Former Nissan exec faces tough judge as Tokyo trial winds down

TOKYO — As an indication of the Japanese legal battle facing former Nissan director Greg Kelly, consider this grim fact: The judge presiding over Kelly’s case just sentenced a 90-year-old former senior government bureaucrat to five years in prison for negligence in a deadly car crash.

Veteran chief judge Kenji Shimotsu, who has overseen Kelly’s trial involving alleged financial misconduct for more than a year, handed down the punishment in that trial to a former government official who was found guilty of mistaking the accelerator for the brake as he plowed through a crowd in Tokyo, killing two people and injuring nine.

The judge said he was being lenient because the driver was at least not inebriated at the time, local media reported.

Even in law-and-order Japan, the sentence was deemed harsh.

Now, as Tokyo prosecutors made their closing argument against Kelly last week, they are asking Shimotsu to sentence the American to two years.

Kelly had faced a maximum penalty of 15 years in prison if found guilty of the charges. But prosecutors said they are being mindful of the time Kelly has already spent detained in Japan since his arrest nearly three years ago in November 2018.

After his arrest, Kelly was locked up for more than a month in a Tokyo jail before being released on bail. Since then, he has been barred from traveling outside the country.

Kelly’s wife, Dee, has moved to Japan to be with him during the legal fight and studies Japanese so that she can earn a student visa to stay in the country long term.

Kelly’s trial began Sept. 15, 2020, the day he turned 64, and the defense team will not make its closing argument until Oct. 27, with a verdict not expected until March 2022, according to his attorney.

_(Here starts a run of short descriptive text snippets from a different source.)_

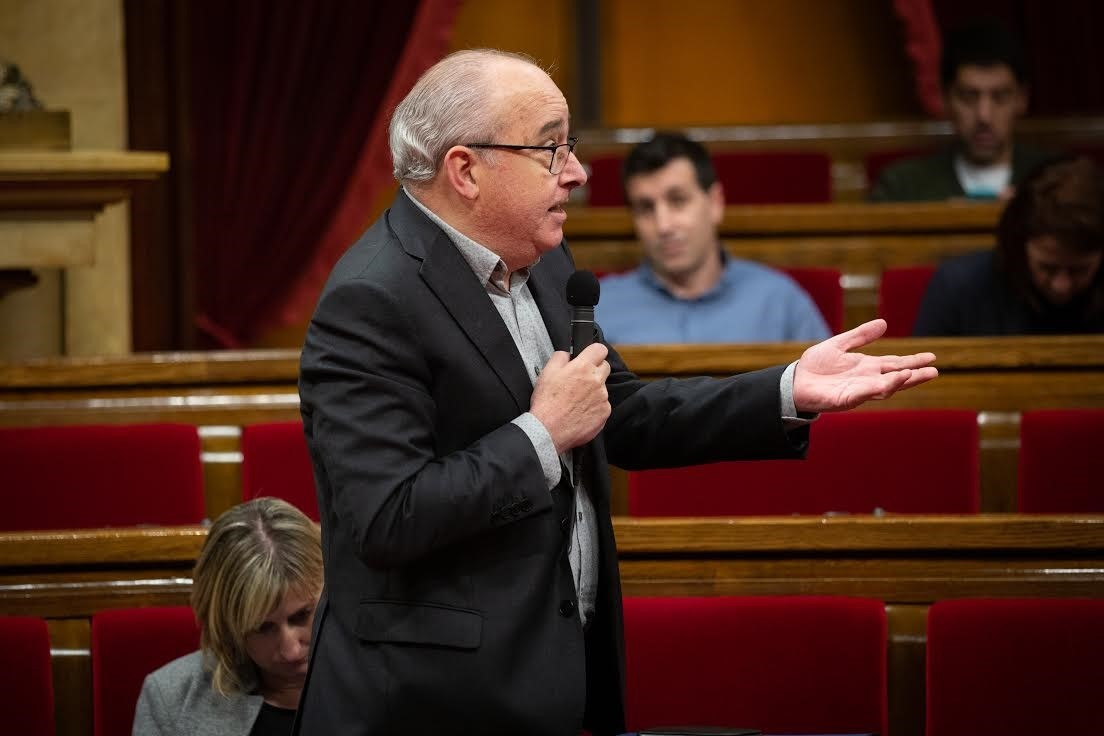 El conseller Josep Bargalló durante el pleno del Parlament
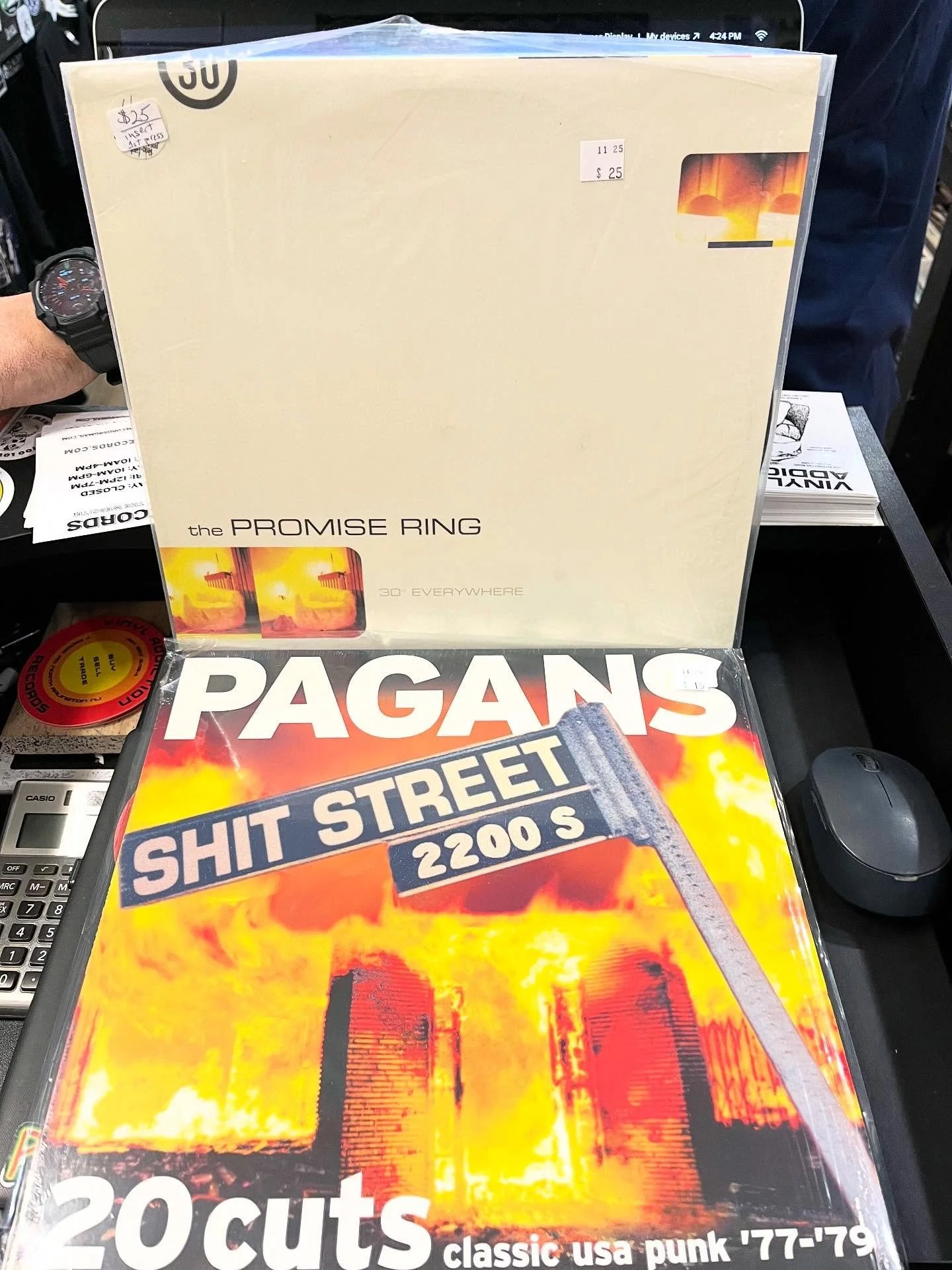 Used new arrivals.

#Vinylrecords #recordshop #njrecordstore #webuyrecords #vinylcollector #vinyl #vinyljunkie #NJ #recordstore #vinyladdictionrecord #vinyladdictionrecords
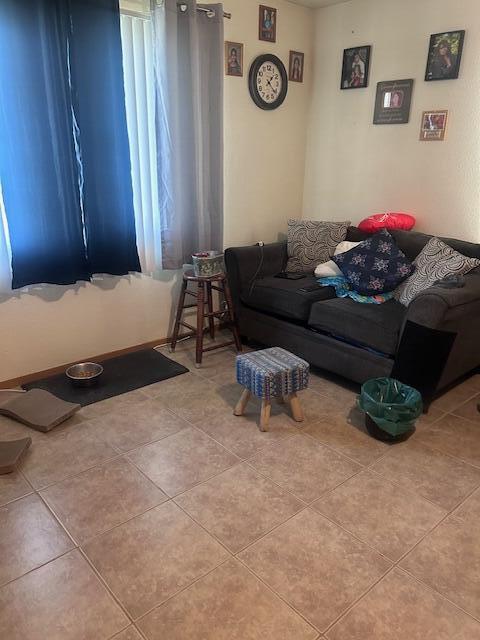 14725 Walker Rd, Poplar, CA 93257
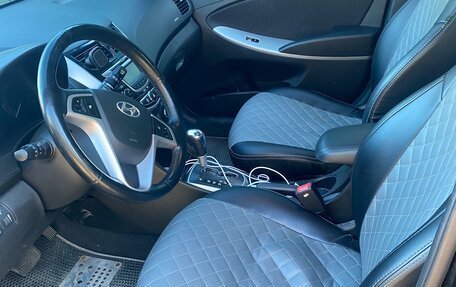Hyundai Solaris II рестайлинг, 2013 год, 900 000 рублей, 6 фотография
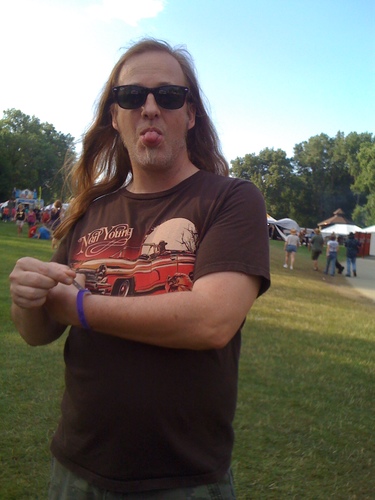 music lover and follower , poker plyr ( when i'm winning), proud dad to a son greggory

The verdict will rest with the three-judge panel led by Shimotsu. He maintains a formal, businesslike demeanor and runs an efficient courtroom. He is often accommodating when court interpreters need more time to find the right words. And he is often seen gazing at the ceiling with his eyes open and head cocked, as if lost in deep philosophical thought while listening to arguments.

Kelly lead attorney Yoichi Kitamura said he isn’t worried about any hard-line reputation Shimotsu might have from the driving case, saying: ” I don’t think that is a precedent.”

Besides, Kitamura insists Kelly’s case won’t even get to sentencing. His client, he says, will first be cleared as innocent.

But prosecutors in a legal system that boasts a 99 percent conviction rate say otherwise.

In closing their case Sept. 29, prosecutor Yukio Kawasaki said it was clear that Kelly “conspired” with former Nissan Chairman Carlos Ghosn and others to falsify Nissan’s financial filings to understate Ghosn’s compensation by tens of millions of dollars.

“Kelly’s role was to study and prepare methods for the payment of this backdoor compensation,” he said.

“This case involves a criminal act that was well organized and conducted for an extended period of time while being strictly confidential, and its wrongfulness is quite grave,” the prosecutor said.

Prosecutors allege Ghosn, 67, and Kelly hid some $84 million in postponed compensation from 2010 to 2018. Both men, arrested the same day in 2018, deny any wrongdoing.

But after Ghosn fled Japan for Lebanon in 2019, Kelly, his longtime American human resources chief and a former director on the board, was left to fight the charges alone.

Kelly readily admits Ghosn took a massive pay cut to the tune of around half his salary in 2010 when Japan’s financial disclosure rules changed. According to Kelly, Ghosn feared that if the true scale of his Nissan paycheck were known, he would face withering backlash in France, where he was also chairman of Renault.

But prosecutors allege Nissan made a deal to pay back that salary shortfall — the amount Ghosn would have earned had he not taken the pay cut — thereby illegally skirting disclosure rules. The information was important to disclose for investors to make informed decisions and to have confidence in the corporate governance of Nissan, prosecutors said.

Kelly counters there was nothing to disclose, partly because no retirement deal was finalized.

The defense also argues that Kelly was working on a retirement package to be paid in retirement for work done in retirement. As such, the defense maintains, there would be no obligation to disclose the payout, and the charges would be moot.

In closing their case against Kelly, prosecutors said the retirement plans were simply a pretense to comp Ghosn for the pay cut he took in his last eight years at the helm.

“It is clear from objective evidence that there was the unpaid compensation for Ghosn,” Kawasaki said. “And it is also objectively clear that Kelly, based on Ghosn’s will, sought to pay a large sum of money to Ghosn without disclosing it in Nissan’s annual securities report.”

After last week’s hearing, Kelly lawyer Kitamura attacked the prosecutors’ case, saying that, among other things, they failed to establish a motive for Kelly’s alleged wrongdoing.

“We can refute everything the prosecutors said today,” Kitamura said.